The processing parameters for this new dataset are similar to the parameters used for the data generated after cross-correlation with the primary "sweep" signal. A conventional 2D and 3D seismic processing sequence can be used for both sets of data to provide the reflection seismic images of the subsurface.

The integration and interpretation of the two results, one based on the primary sweep and the other based on the two "modified-sweeps," highlights and identifies the subsurface formations that are nonlinear due to porosity, microfractures, and fluid saturation.

The results based on the two "modified-sweeps" will display the reflected signals from higher porosity and microfractured formations at relatively higher amplitudes compared to the reflections from homogeneous and nonporous formations. The relative amplitudes of different reflections determine the relative measure of the bulk nonlinearity of the subsurface formations.

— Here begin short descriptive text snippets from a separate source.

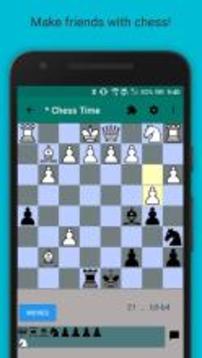 Chess Time® -Multiplayer Chess游戏截图1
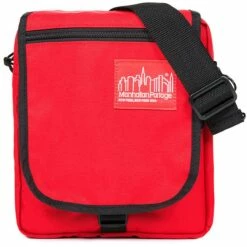 Manhattan Portage Downtown Urban Bag -suitcase sale 1407hp red front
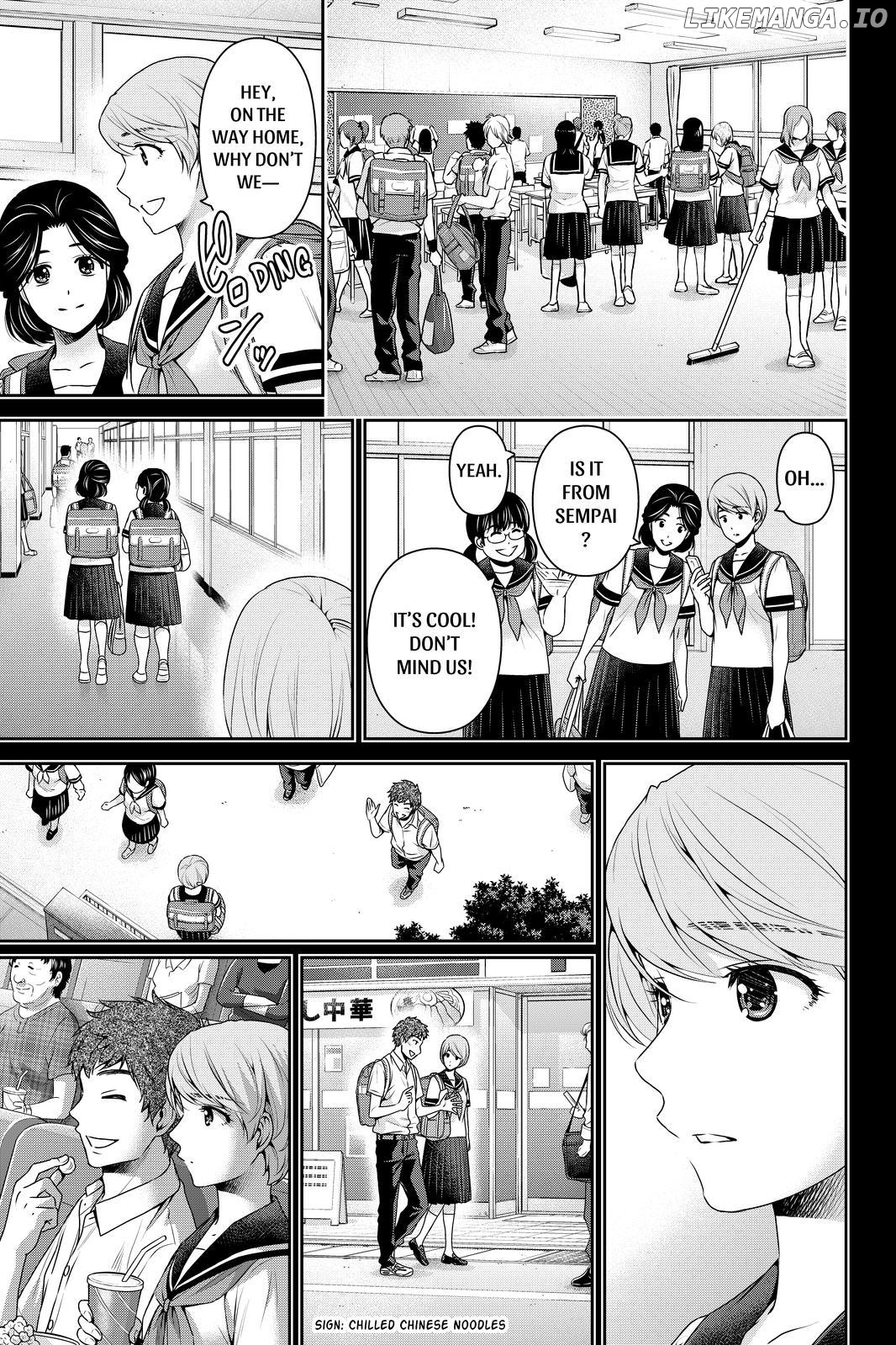 Domestic na Kanojo chapter 166 - page 11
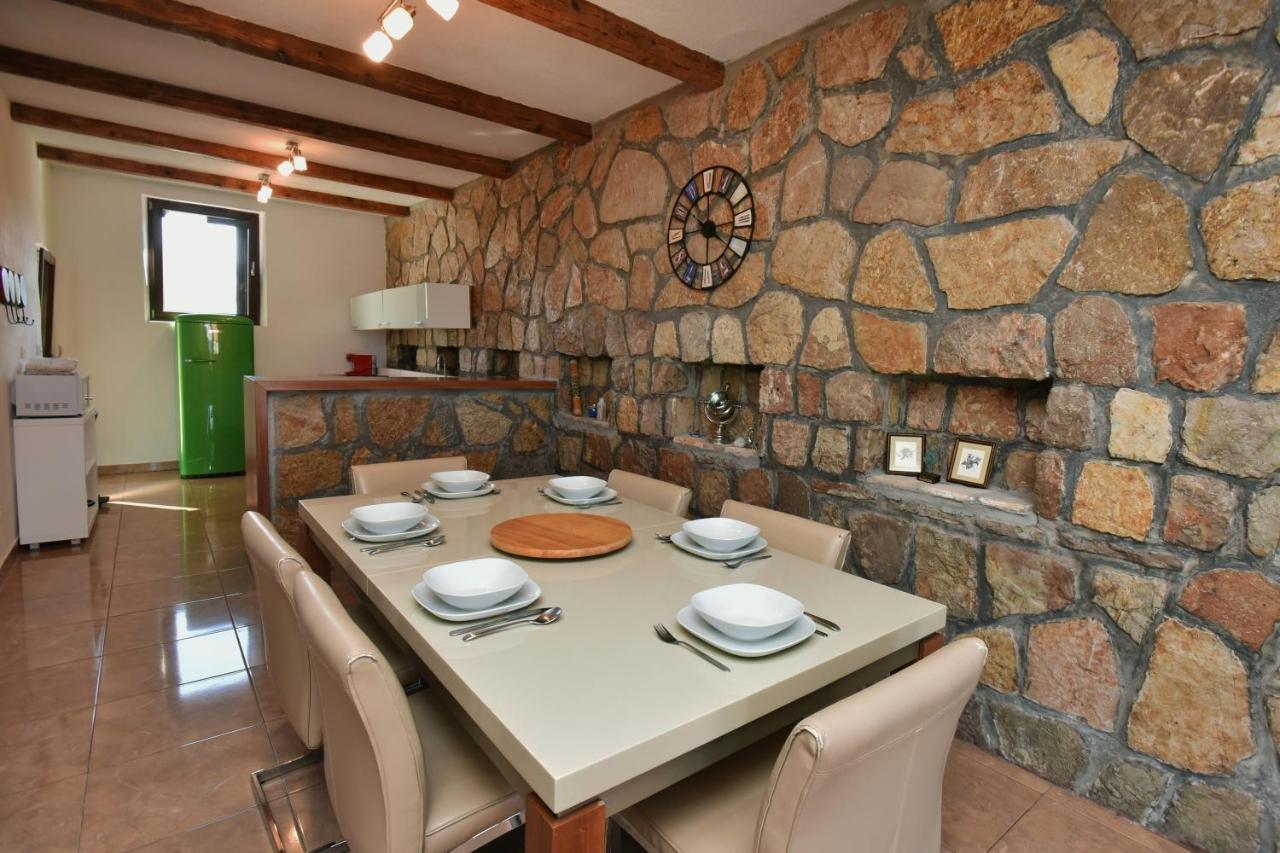 Villa Ariel Luštica Buitenkant foto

The unique contribution of this technique is that it provides a method of differential illumination of the subsurface formations that are of greater interest to the hydrocarbon producers.

Clays and shales are normally less porous, more homogeneous, and behave more linearly in comparison with high porosity sandstones and limestones.

As a result, shales and clays generate a weaker 'interaction' signal and will show a less prominent response on the "nonlinearity seismic section."

The seismic results based on the second dataset that are produced after correlation with the two "modified-sweeps" identify and highlight the zones that have higher nonlinearity due to higher porosity, microfractures, or their fluid content, thus identifying the formations that have greater potential for increasing the hydrocarbon reserves.

Emerging seismic technology

Seismic data provide information from which simple and plausible geologic models can be developed. Quite often, these geologic models are not unique, and there is ambiguity in their interpretation.

To build more confidence in the interpreted results and to derive a more reliable geologic model of the reservoir, new seismic attributes have to be found. At present, when converting seismic to geology, we find that there are more unknowns than the equations to solve them.

A new approach of using nonlinear seismic imaging methods to map the reservoir properties holds a great deal of promise for identifying in-situ reservoir properties like porosity, permeability, fractures, and pore fluids.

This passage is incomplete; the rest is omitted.